Why HBase rows are said to be stored as lexicographically sorted?

Question

Based on the HBase documentation , again following the reference from the Google BigTable paper, the rows are said to be stored with lexicographic sorting of the row key.

It is evident that the rows are sorted lexicographically when we have a string in the rowkey or if we convert a string to byte array and store it. For that matter of fact, even if you convert an integer as a string and then to byte array, it makes sense. Eg: The below hbase shell takes the number as string and stores it

create 'test', 'cf'
put 'test', '1', 'cf:c1', 'xyz1'
put 'test', '2', 'cf:c1', 'xyz2'
put 'test', '11', 'cf:c1', 'xyz11'

scan 'test3'
ROW                                         COLUMN+CELL
 1                                          column=cf:c1, timestamp=1589736288540, value=xyz1
 11                                         column=cf:c1, timestamp=1589736311607, value=xyz11
 2                                          column=cf:c1, timestamp=1589736301167, value=xyz2
3 row(s) in 0.0080 seconds

On the other hand, I can convert the number to byte array in a programmatic way using the HBase client utilities ( org.apache.hadoop.hbase.util.Bytes , which uses Big Endian stuffs..) and I see that the rows are naturally sorted, not in the lexicographic way. For the similar data and table above, I used the below code to Put the data to to HBase Table.

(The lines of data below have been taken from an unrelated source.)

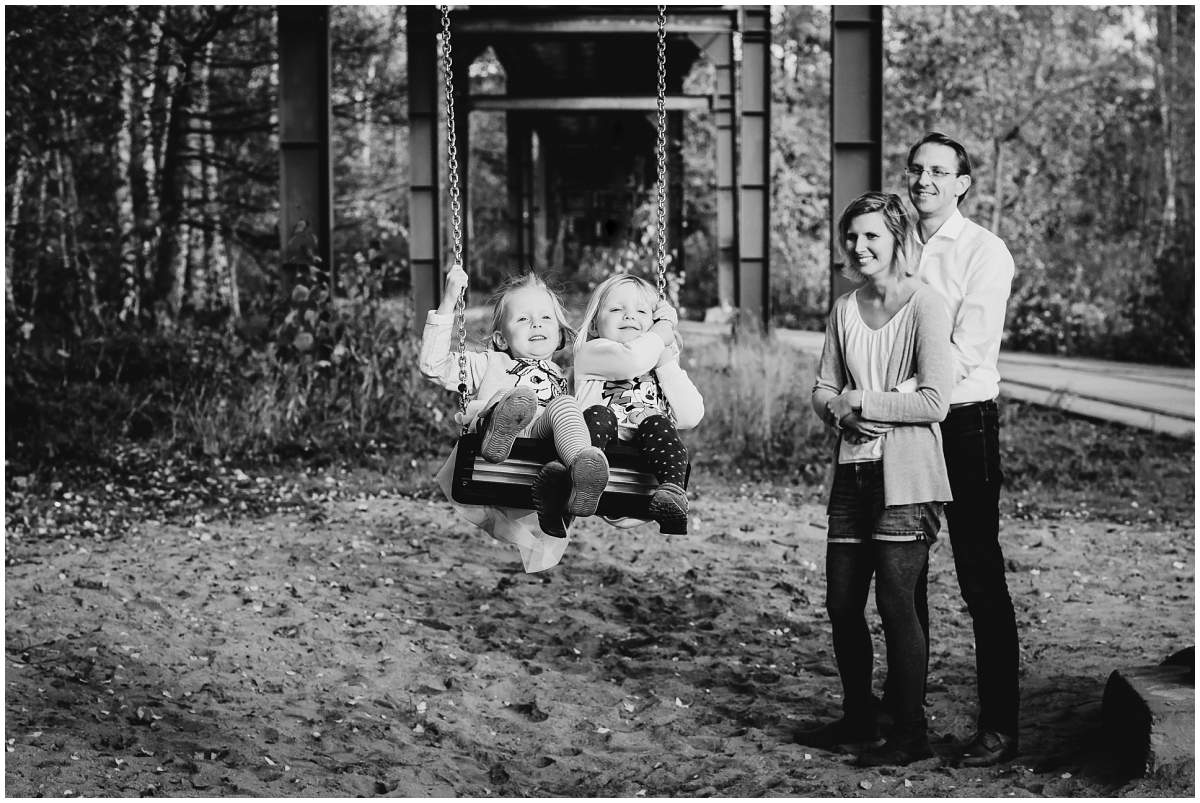 Familienfotos Ruhrgebiet Familienshooting auf Zeche Zollverein in Essen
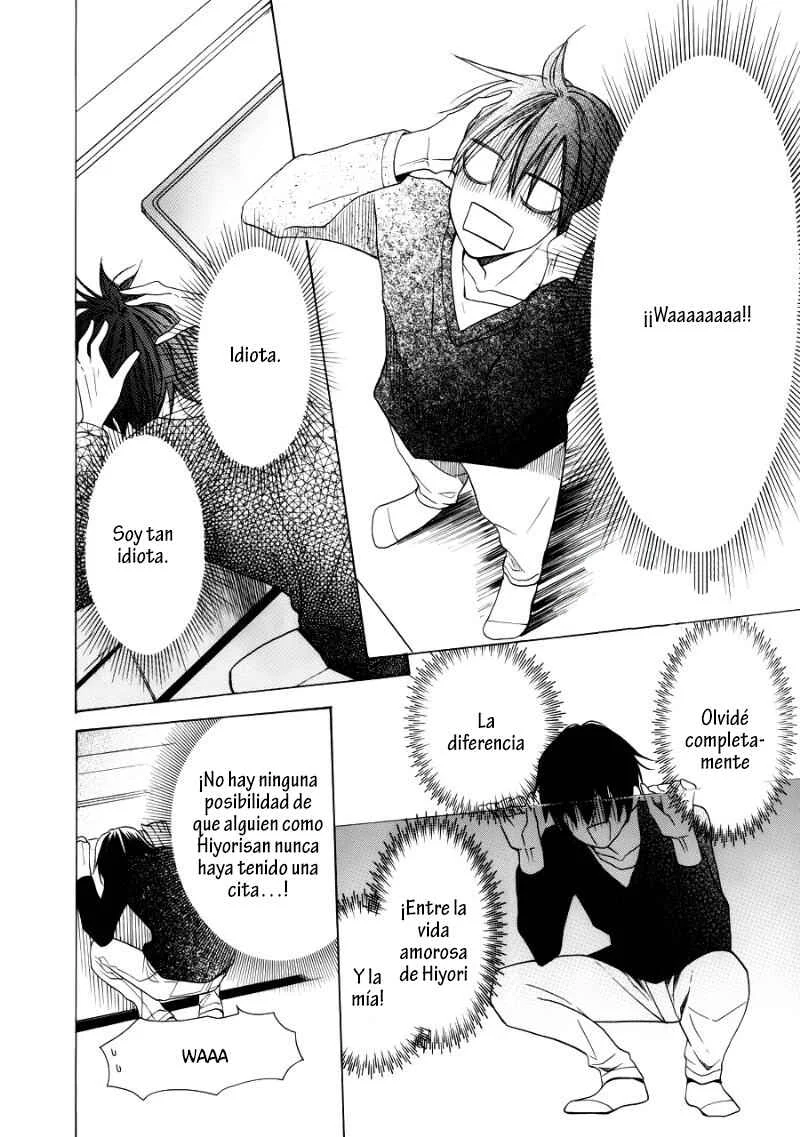 Kawaii Hito Capítulo 2 - Page 32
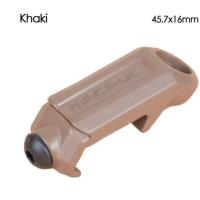 Adaptador QD Para Montura De Visor Táctico GBB Sling Swivel Compatible Con Rail De 20mm Accesorios De Caza Para AR15 .223 - details 7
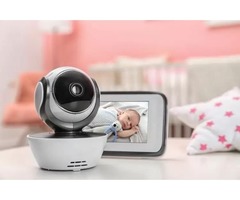 Best Baby Monitor With Camera | free-classifieds-usa.com - 1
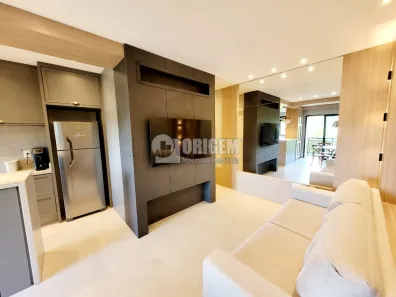 Apartamento com 2 Quartos à venda, 70m² no Praia dos Amores, Balneário Camboriú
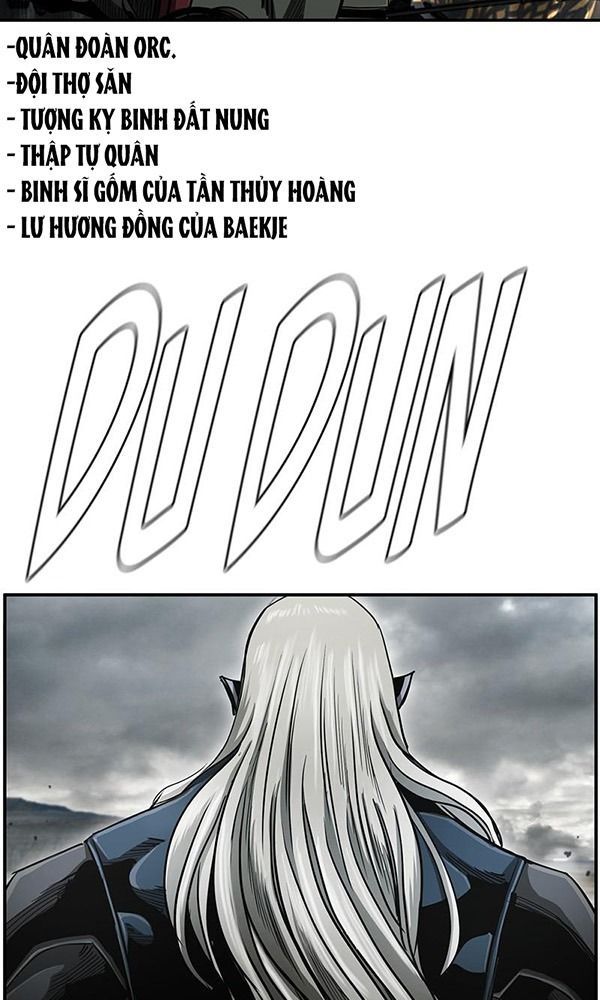 The First Hunter Chapter 85 - Trang 2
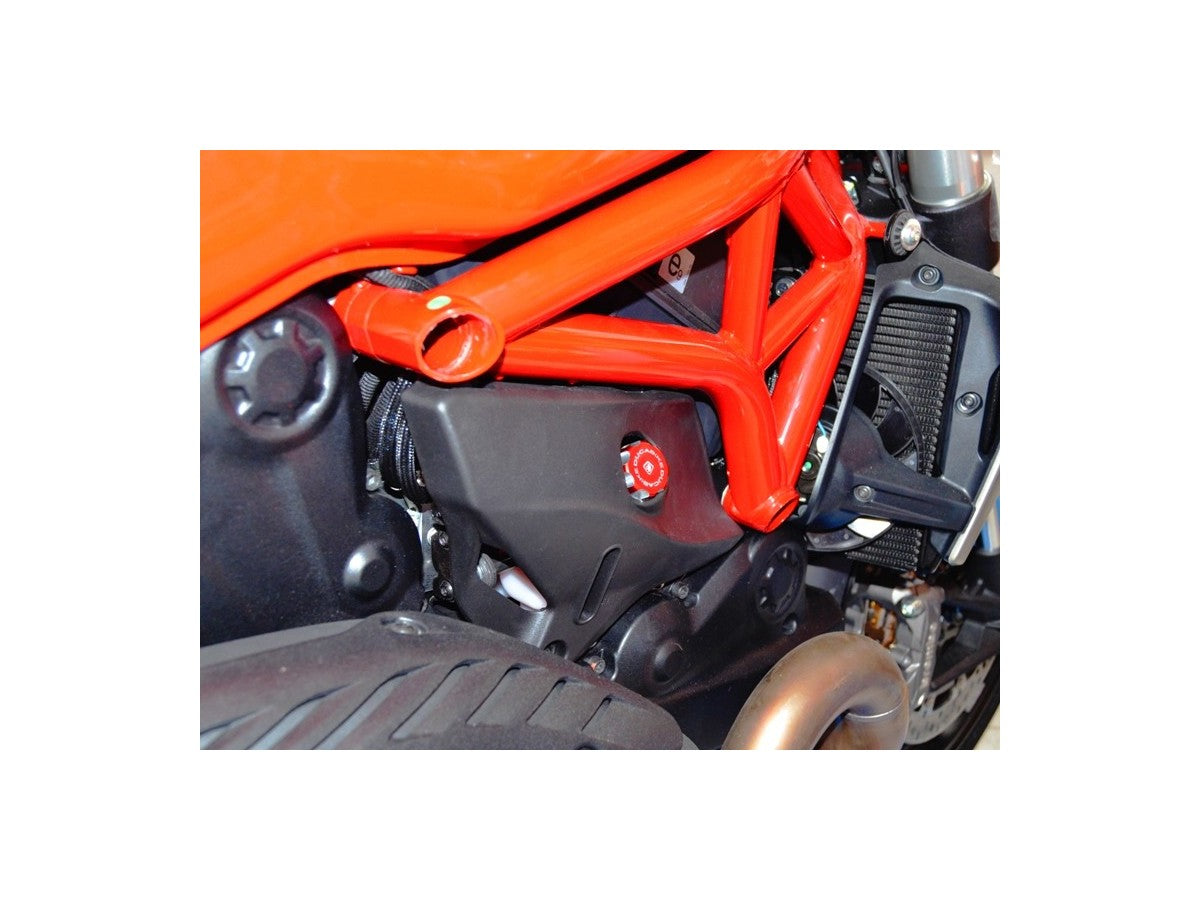 TA01 - EXPANSION TANK WATER CAP - DBK Special Parts - 3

val put = new Put(Bytes.toBytes(11L))
put.addColumn(Bytes.toBytes("cf"), Bytes.toBytes("c1"), Bytes.toBytes("abc"))
table.put(put)

The scan result is

hbase(main):014:0> scan 'test2'
ROW                                        COLUMN+CELL
 \x01                                      column=cf:a, timestamp=1589727058289, value=abc \\1
 \x02                                      column=cf:a, timestamp=1589727099714, value=abc \\2
 \x0B                                      column=cf:a, timestamp=1589727147449, value=abc \\11
 {                                         column=cf:a, timestamp=1589733907127, value=abc \\123
 \xF8                                      column=cf:a, timestamp=1589733854179, value=abc \\112312312L
5 row(s) in 0.0080 seconds

My question is -
Is it a pure coincidence that the lexicographic ordering of the byte arrays generated from integers is same as that of natural ordering or the way we are converting the long to byte array is actually padding with some values to get the effective natural ordering?
If not, in order to handle the non-typed row keys, are we saying that the row keys are sorted in lexicographic way, so that when you mix and match with string and other data types, the sorting has a predetermined order? In the latter case, in my opinion, it is not true that the row keys are sorted in strictly lexicographic order, because just to fulfill our needs of having non-typed columns(row keys here), it is built so..!

Basically, is the byte encoding here -> Bytes.toBytes(long) preserving the natural ordering of Long ? That's to say, will the lexicographic ordering of Array[Byte] that the function returns be the same as the natural ordering of the Long taken as input?

Answer 1

The answer to your question would be yes. But be careful if you mix different key sizes. If you for example use all the keys of the same size, and all generated with Bytes.toBytes(long) , they will be maintaining natural long order. That won't be the case if you mix different sizes of arrays of bytes, because, as you show, one byte '1' will be around two bytes '11', for example.

In the case of toBytes() , it uses a fixed length big endian encoding. Say that you use four bytes, then the ordering would be like:

00 00 00 00 (long value 0)
00 00 00 01 (long value 1)
00 00 00 02
...
00 00 01 00 (long value 256)
...

which will make the same ordering in natural numbers and key generations.